My rating: 5 of 5 stars
The Collector (1963) by John Fowles is the second book I have read by him and it is safe to say that I am without question a huge fan.
Fowles is able to do what most other authors only dream of with the two narrative voices that are as distinct and profound as the other, illuminating the story from mere words on a page to a true memory that is just as haunting in one form of action as it is in its recondite social commentary.

The book is comprised into three parts and two character points-of-view. The first, third and fourth sections are the majority and are comprised of Frederick Clegg’s voice. The second section is the voice of Miranda Grey, an art student.

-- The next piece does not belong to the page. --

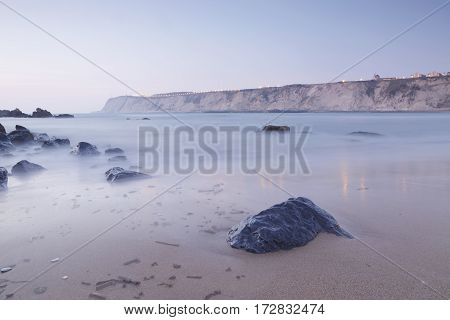 Serene seascape in Arrigunaga beach Biscay Basque Country Spain. Long exposure on a misty sunset.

Clegg (who is called Caliban by Miranda) is a lonely clerk who lucks upon the lottery. He purchases a cottage in the woods near Lewes, England and decides to kidnap Miranda and hold her in a special room he has built in the cellar of his house. Clegg has no sexual desire, being somewhat either impotent or mentally twisted, and only photographs Miranda in sexually provocative poses. He promises to never harm her and instead lavishes her with art utensils, music records, clothes and jewelry. Nevertheless, he remains an unreliable narrator who falsely appears more as a star-struck lover than a madman. Clegg reflects about Miranda:
”I could sit there all night watching her, just the shape of her head and the way the hair fell from it with a special curve, so graceful it was, like the shape of a swallowtail. It was like a veil or a cloud, it would lie like silk strands all untidy and loose but lovely over her shoulders. I wish I had words to describe it like a poet would or an artist. She had a way of throwing it back when it had fallen too much forward, it was just a simple natural movement. Sometimes I wanted to say to her, please do it again, please let your hair fall forward to toss it back” (p 61).
What is quite extraordinary with Fowles’s projections, in addition to his ability to draw shapes and images and emotions from language, is that The Collector becomes a psychoanalytic formulation of an evil mind. One might argue quickly that it is Clegg/Caliban who is the monster, but when Fowles introduces Miranda’s thoughts in section two, the reader learns of Clegg’s counterpart in the form of an artist known as G.P.
As she writes and reflects in her personal diary, G.P.’s treatment of Miranda is far more heinous than Clegg’s singular act of imprisoning the middle-class art student. Clegg, albeit a monster by his own right (this can be without question), treats Miranda far better and with far more mutual respect (on the level of lover-to-lover) than G.P. does to Miranda (despite the demand of pornographic pictures Clegg makes on Miranda). Yet, Clegg discovers it is G.P. who Miranda loves at the novel’s end. And Clegg best sums it up when he thinks, ”When Miranda became the purpose of my life I should say I was at least as good as the next man, as it turned out” (p 20).
Fowles’s in his book The Aristos (1964) discusses the themes of The Collector and asserts that English society (at the time of the sixties) was diverging into two social classes of the upper-class and the middle-class. Fowles follows in the footsteps of the Greek philosopher Heraclitus who argued that the ”aristoi” or the intellectually and morally elite remained superior over the ”hoi polloi” or the conforming, ignorant masses.
Through Miranda it is clear that the elitist G.P. will never come to love her, and yet it is her affection and love she gives to such a man. Likewise, a man of new wealth, Clegg fails in his demented design to sway Miranda (also the character in The Tempest whose affections are won by Ferdinand) to a life of happiness.
She reminisces on G.P. and Clegg:
”I know what I am to him. A butterfly he has always wanted to catch. I remember (the very first time I met him) G.P. saying that collectors were the worst animals of all. He meant art collectors, of course. I didn’t really understand, I thought he was just trying to shock Caroline–and me. But of course, he is right. They’re anti-life, anti-art, anti-everything” (p 116).
Fowles is able to dazzle the imagination with his expert craft of storytelling, but far below the surface of the narrative lies a social proclamation that will leave you asking and debating: who was really the monster and on what level?
The Collector is a horror thriller but it also edges its boundaries to that of a fairy tale, to the likes of those little children who come face to face with the witch deep in the woods that hides her little cottage. Fowles is a remarkable writer and thinker and it is for this reason I strongly recommend his book.